As someone who enjoys watching the occasional film, I am often very much disappointed by bad or cheesy dialogues—Prometheus, I am looking at you. Likewise, I do not enjoy too many over-the-top action scenes, especially when they are too fast for the (read: my) eye to follow.

Motivation & setup

Thus, I started wondering about the relationship between dialogue and non-dialogue parts of a film. Where there any interesting patterns just waiting to be discovered? I used a very simple approach to shed some light on this question: I downloaded subtitles for a lot of films and use their total duration as the total amount of speech in a film. Although I took care not to use subtitles that are meant for the hearing-impaired, I cannot completely rule out that the subtitles contain additional information, such as background noises or songs in a film. A more detailed analysis should thus try to exclude these factors.

I will refer to the amount of speech in a film as its speechtime, while the total length of the film is its runtime.

Films of 2014

With the process outlined above, I analysed the Top 100 films of 100, according to Rotten Tomatoes. First, let us take a lot at the relation between speechtime and runtime. In the following scatterplot, you can hover over each dot in order to show the raw x and y data of a film:

We can see that there are some outlying points, with respect to the runtime. One, at the upper right part of the data, turns out to correspond to The Last of the Unjust, a film that is not only very long (over four hours), but also contains lots of dialogue (being an interview film). In general, the distance from the diagonal describes the compressibility of a film—the larger the distance, the less speech it contains. Put differently, films that are very distant from the diagonal contain more visual imagery than speech. In the films I selected, Manakamana is the one with the largest distance from the diagonal. I have been told that it is very slow-paced and visually appealing, giving viewers time to reflect.
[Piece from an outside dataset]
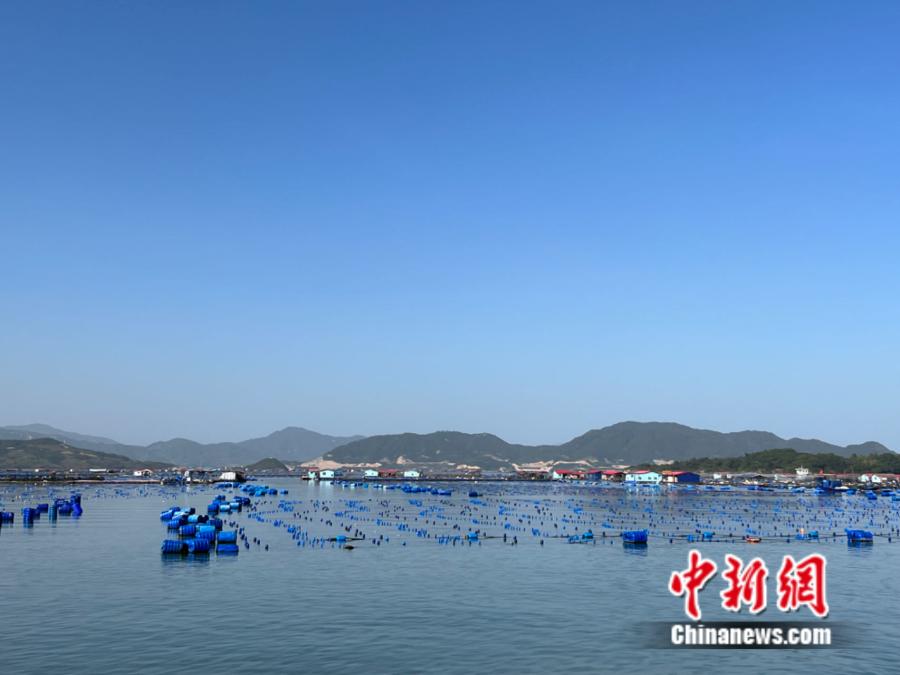 霞浦縣海上魚排。<a target='_blank' href='https://www.easyfundingllc.com/' ><p  align=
On the other extreme, there are films such as Life Itself and The Trip to Italy (and, surprisingly, Birdman), which consist almost exclusively of dialogues. According to my simple calculations, these films only have about 15 minutes of non-speech, which is pretty surprising.
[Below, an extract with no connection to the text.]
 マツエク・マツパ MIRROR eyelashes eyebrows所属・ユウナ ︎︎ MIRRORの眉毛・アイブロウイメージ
Next, I was wondering how the speechtime is distributed. The scatterplot seems to indicate that there is a cluster of films of similar speechtime, but it is admittedly not the optimal visualization for this task. I thus created a histogram of the percentage of speech in a film, using bins of 5% each since I considered 10% steps to be too coarse. I additionally plotted the raw speechtime values using transparent circles:

There seems to be a denser region around the 30%&endash;40% mark. This region includes, among others, X-Men: Days of Future Past and Only Lovers Left Alive. I have not yet seen both of them, but at least the X-Men franchise does not strike me as being very heavy on dialogues. The outliers I talked above are now easily visible. Manakamana is on the very left of the axis, containing only around 12% speech, while The Trip to Italy is almost entirely a dialogue, with around 89% speech. The region above 80% contains Life Itself and The Internet's Own Boy, two documentaries. This is not as surprising as finding Birdman (again) and Coherence—two fiction films that apparently favour speech over action.

What's next?

The simple analysis barely scratched the surface. To have more fun with these sorts of data, more films are required. It would then be interesting to compare films of different decades. Are the films of the 1950s more dialogue-heavy than the films of the 1990s? Including the ratings might also be interesting. Is there a correlation between the amount of speech and the rating at IMDB, for example? For the films I selected here, this is not the case. Pearson's correlation is around 0.1 for these films. This might be a typical case of selection bias, though, because I use a best-of list to include them.

Data and code

The plots have been created with D3.js. I release the source code into the public domain. Ditto for the raw data. Note that it does not contain 100 films, but rather only 82, because I could not find any subtitles for the remaining 18.